Allison is learning this new game quickly. He wears his Sun Bowl champions ring at all times, thinking that even constituents or legislators who strongly disagree with his boss on matters of policy may be able to find common cause when it comes to the Cougars.
Allison, who knows what it means to be truly broke, is frugal. But to work in the Capitol, a man has to buy a few suits, and LSAT prep courses are not cheap.
Fortunately for him, Hunter Goodman, the Secretary of the Senate and a friend of Baumgartner’s, gave him a place to live and hooked him up with a job at Brotherton Cadillac, where former WSU football star Mkristo Bruce is the sales manager.
The former linebacker sold a lot of cars during his seven months at the dealership. I’ve heard dozens, but I need to confirm.

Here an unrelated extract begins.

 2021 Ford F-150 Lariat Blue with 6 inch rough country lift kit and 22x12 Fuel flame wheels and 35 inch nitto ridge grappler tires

“It’s up there,” is all Allison will divulge, with a grin.
Much of Allison’s education now involves just wandering the Capitol campus and learning about the history of the state, its leaders, and others who have used their talents to create positive change.
It is Martin Luther King Jr. Day, and there is a statue of the reverend in the Capitol rotunda that Allison wants to grab a picture with.

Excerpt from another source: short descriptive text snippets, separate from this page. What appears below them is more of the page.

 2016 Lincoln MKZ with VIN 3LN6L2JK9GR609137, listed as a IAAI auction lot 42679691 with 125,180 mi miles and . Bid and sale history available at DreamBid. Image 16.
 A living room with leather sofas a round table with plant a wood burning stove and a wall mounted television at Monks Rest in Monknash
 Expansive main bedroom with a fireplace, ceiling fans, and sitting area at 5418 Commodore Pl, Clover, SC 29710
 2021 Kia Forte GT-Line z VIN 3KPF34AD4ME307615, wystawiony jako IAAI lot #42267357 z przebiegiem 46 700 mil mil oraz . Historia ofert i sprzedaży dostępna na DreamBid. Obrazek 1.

“One thing I was blessed with was just to sit back and observe, just to sit back and see how things work, see how people work the room,” Allison said. “Not to always have an answer or have something to say, but just to see how things go. That’s what I’ve done the last week.”
Of course the real education came at the end of the day, when Allison walked four paces behind Baumgartner and some lobbyists who were trying to persuade the senator to pass or kill some bill related to dental care.
Lobbyists spend as much time buttering up the staff as the politicians, knowing who sets the schedules. Lots of organizations will drop off small gifts such as cupcakes or toys on staff members’ desks, or throw events, and everyone knows the firefighters throw the best parties.
One of the lobbyists was a former party official who had flipped those connections into a job with one of Olympia’s biggest lobbying firms, a reminder that even as Allison gives tours and answers constituent emails he is building connections that many interest groups would happily pay for.
Many of the public servants Allison works alongside now will eventually go that route, but this would be an incomplete educational experience if he did not see the sausage get made.
Baumgartner frequently tells Allison he is going to be the governor in one breath, then asks what he thinks about running for president someday in the next.
And could Allison, an engaging former athlete with a lot of life experience and, eventually, a law degree, see himself running for office someday?
“Who knows?” Allison asks with a laugh.